In this case study, I will use the Education dataset which contains information on educational institutes in USA. The data has various attributes such as number of applications received, enrollments, faculty education, financial aspects and graduation rate of each institute.
The objective of this problem is to reduce the number of features by using dimensionality reduction techniques like PCA and extract insights.

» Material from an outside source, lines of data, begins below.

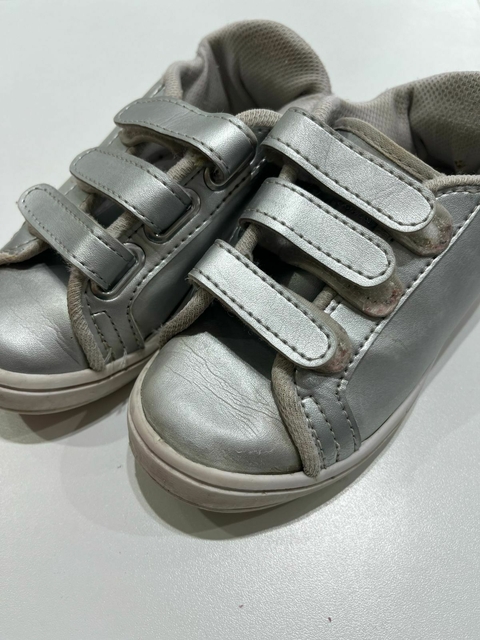 Zapatillas plateada con abrojo MImo t28 (350) - comprar online
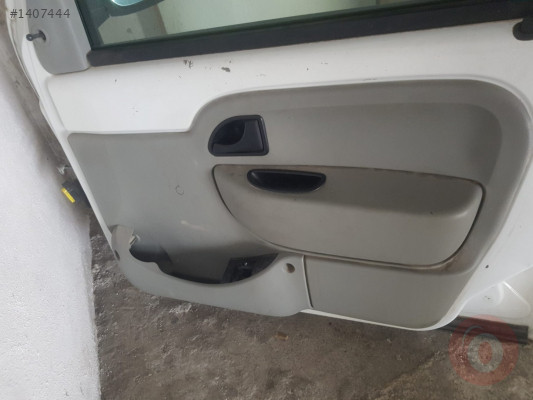 Renault Kangoo Sağ Ön Kapı Döşemesi Hatasız Orjinal Çıkma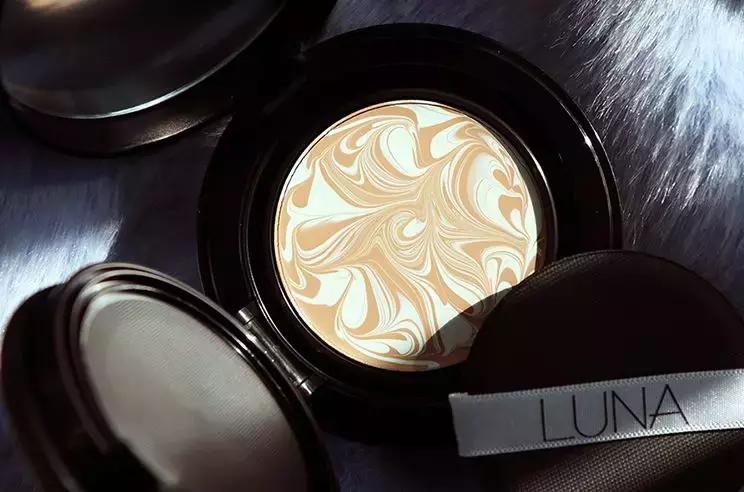 大油皮选择什么样平价粉底液,选粉底选比自己白的还是自然的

The Education dataset contains information on various colleges in USA. It contains the following information:
- Names: Names of various universities and colleges
- Apps: Number of applications received
- Accept: Number of applications accepted
- Enroll: Number of new students enrolled
- Top10perc: Percentage of new students from top 10% of Higher Secondary class
- Top25perc: Percentage of new students from top 25% of Higher Secondary class
- F_Undergrad: Number of full-time undergraduate students
- P_Undergrad: Number of part-time undergraduate students - Outstate: Number of students for whom the particular college or university is out-of-state tuition
- Room_Board: Cost of room and board
- Books: Estimated book costs for a student
- Personal: Estimated personal spending for a student
- PhD: Percentage of faculties with a Ph.D.
- Terminal: Percentage of faculties with terminal degree
- S_F_Ratio: Student/faculty ratio
- perc_alumni: Percentage of alumni who donate
- Expend: The instructional expenditure per student
- Grad_Rate: Graduation rate